Vielleicht ist hier der Ort, auch jene andre Stelle aus Knechts Briefen mitzuteilen, welche sich auf das Glasperlenspiel bezieht, wenn auch der betreffende Brief, an den Musikmeister gerichtet, mindestens ein oder zwei Jahre später geschrieben wurde. »Ich denke mir,« schreibt Knecht seinem Gönner, »daß man ein ganz guter, ja virtuoser Glasperlenspieler sein kann, ja vielleicht sogar ein recht tüchtiger Magister Ludi, ohne das eigentliche Geheimnis des Spieles und seinen letzten Sinn zu ahnen. Ja es könnte sein, daß gerade ein Ahnender und Wissender, wenn er zum Fachmann im Glasperlenspiel oder dessen Leiter würde, dem Spiel gefährlicher werden könnte als jene. Denn die Innenseite, die Esoterik des Spiels, zielt wie alle Esoterik ins Ein und All hinab, in die Tiefen, wo nur noch der ewige Atem im ewigen Ein und Aus sich selbst genügend waltet.

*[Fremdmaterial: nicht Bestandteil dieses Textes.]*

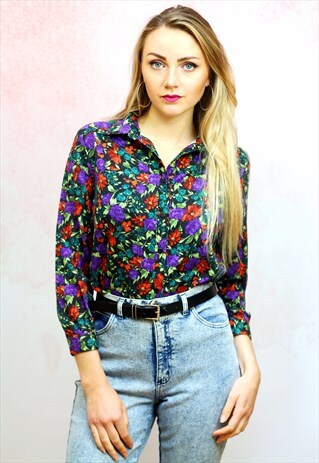 1990S VINTAGE WINTER FLORAL PRINT BLOUSE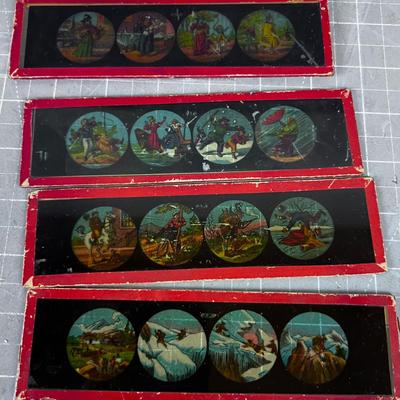 antique MAGIC LANTERN GLASS SLIDES JOHANN FALK LONG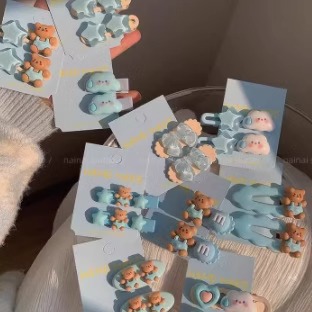 ¡El oso azul ama el clip de pelo! Sweet girl cloud bow clip BB lateral clip clip de pelo de pato mar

Wer den Sinn des Spiels in sich zu Ende erlebt hätte, wäre eigentlich schon kein Spieler mehr, er stünde nicht in der Vielfalt mehr und wäre der Freude am Erfinden, Konstruieren und Kombinieren nicht mehr fähig, da er eine ganz andere Lust und Freude kennt. Da ich dem Sinn des Glasperlenspiels nahe zu sein meine, wird es für mich und für andre besser sein, wenn ich das Spiel nicht zu meinem Beruf mache, sondern mich lieber auf die Musik verlege.«
Der Musikmeister, meist sehr sparsam im Briefschreiben, war von dieser Äußerung offenbar beunruhigt und hat auf sie eine freundlich warnende Auskunft gegeben: »Es ist gut, daß du selber von einem Spielmeister nicht verlangst, er solle ein »Esoteriker« in deinem Sinne sein, denn ich hoffe, du habest das ohne Ironie gesagt. Ein Spielmeister oder Lehrer, der sich in erster Linie darum sorgte, ob er auch dem »innersten Sinn« nahe genug sei, wäre ein sehr schlechter Lehrer. Ich zum Beispiel habe, offen gestanden, meinen Schülern zeitlebens niemals ein Wort über den »Sinn« der Musik gesagt; wenn es einen gibt, so bedarf er meiner nicht. Dagegen habe ich stets großen Wert darauf gelegt, daß meine Schüler ihre Achtel und Sechzehntel hübsch genau zählten. Ob du nun Lehrer, Gelehrter oder Musikant wirst, habe die Ehrfurcht vor dem »Sinn,« aber halte ihn nicht für lehrbar. Mit dem Lehrenwollen des »Sinnes« haben einst die Geschichtsphilosophen die halbe Weltgeschichte verdorben, das feuilletonistische Zeitalter eingeleitet und eine Menge von vergossenem Blut mitverschuldet. Auch wenn ich etwa Schüler in den Homer oder die griechischen Tragiker einzuführen hätte, würde ich nicht versuchen, ihnen die Dichtung als eine Erscheinungsform des Göttlichen zu suggerieren, sondern bemüht sein, ihnen die Dichtung durch die genaue Kenntnis ihrer sprachlichen und metrischen Mittel zugänglich zu machen. Sache des Lehrers und des Gelehrten ist das Erforschen der Mittel und die Pflege der Überlieferung, das Reinhalten der Methoden, nicht das Erregen und Beschleunigen jener nicht mehr sagbaren Erlebnisse, welche den Auserwählten – oft sind sie auch Geschlagene und Opfer – vorbehalten sind.«
Im übrigen erwähnt Knechts Briefwechsel jener Jahre, der ohnehin nicht groß gewesen zu sein scheint oder zum Teil verlorengegangen ist, das Glasperlenspiel und seine »esoterische« Auffassung an keiner Stelle; die größte und besterhaltene dieser Korrespondenzen, die mit Ferromonte, handelt ohnehin nahezu ausschließlich von Problemen der Musik und der musikalischen Stilanalyse.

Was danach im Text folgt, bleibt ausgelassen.